8h30-10h30 > Les congrégations étrangères dans la production des périphéries urbaines ottomanes au XIXe siècle : Istanbul, Jérusalem, Mamuret ül-Aziz, Van

Les congrégations étrangères dans la production des périphéries urbaines ottomanes au XIXe siècle : Istanbul, Jérusalem, Mamuret-ül-Aziz, Van

mer 12 juil 23
8h30-10h30
Déméter 006

 

Résumé :

À partir des Tanzimat, les missions chrétiennes – protestantes et catholiques – originaires d’Europe et d’Amérique ont maillé le territoire ottoman et ont fondé de nombreuses institutions scolaires, médicales et charitables, notamment dans les grandes villes de l’Empire. Cet élan évangélisateur européen, de même que les réponses locales de la part des notables de la société ottomane mais aussi de l’administration impériale, ont fait l’objet de nombreux travaux académiques. Plus récemment, plusieurs historiens et historiennes ont adopté une approche novatrice pour aborder l’activité missionnaire, en se concentrant davantage sur sa présence physique au sein du territoire et sur le contexte local dans lequel les congrégations s’insèrent. Dans ce cadre, les acteurs missionnaires apparaissent non seulement comme des agents au service d’intérêts impériaux mais aussi comme des acteurs urbains inscrits dans la vie quotidienne des villes de l’Empire ottoman.  

Ce panel invite à poursuivre cette perspective en offrant quatre cas d’études de périphéries urbaines dans l’espace ottoman qui ont été en partie transformées au XIXe siècle par les congrégations missionnaires. Cette transformation se fait néanmoins en interaction avec les familles de notables et commerçants qui achètent de nombreux terrains périphériques, avec les diplomates européens et fonctionnaires ottomans qui y construisent des villas estivales, mais aussi avec une population urbaine déjà présente ou qui s’installe pour des raisons variées dans ces nouvelles banlieues. 
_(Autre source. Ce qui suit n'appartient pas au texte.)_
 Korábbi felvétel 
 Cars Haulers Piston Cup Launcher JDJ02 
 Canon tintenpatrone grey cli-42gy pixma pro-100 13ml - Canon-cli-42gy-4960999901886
En intégrant les missions étrangères dans la réflexion, l’enjeu ici n’est pas d’insister sur leur capacité à dominer spatialement ces villes dans une interprétation foucaldienne sommaire mais au contraire d’observer ces acteurs en relation avec leur environnement local. Il s’agit d’observer les pratiques (séjours estivaux, jardinage, refuge en contexte de crise), les logiques de compétition (par exemple entre congrégations), les catégories juridiques (notamment concernant le statut foncier des terrains) et les justifications auprès des autorités (administratives, consulaires et religieuses). C’est l’ensemble de ces éléments qui rend possible la construction d’établissements congréganistes dans les périphéries urbaines et qui permet de comprendre comment ces congrégations sont accueillies par les sociétés locales.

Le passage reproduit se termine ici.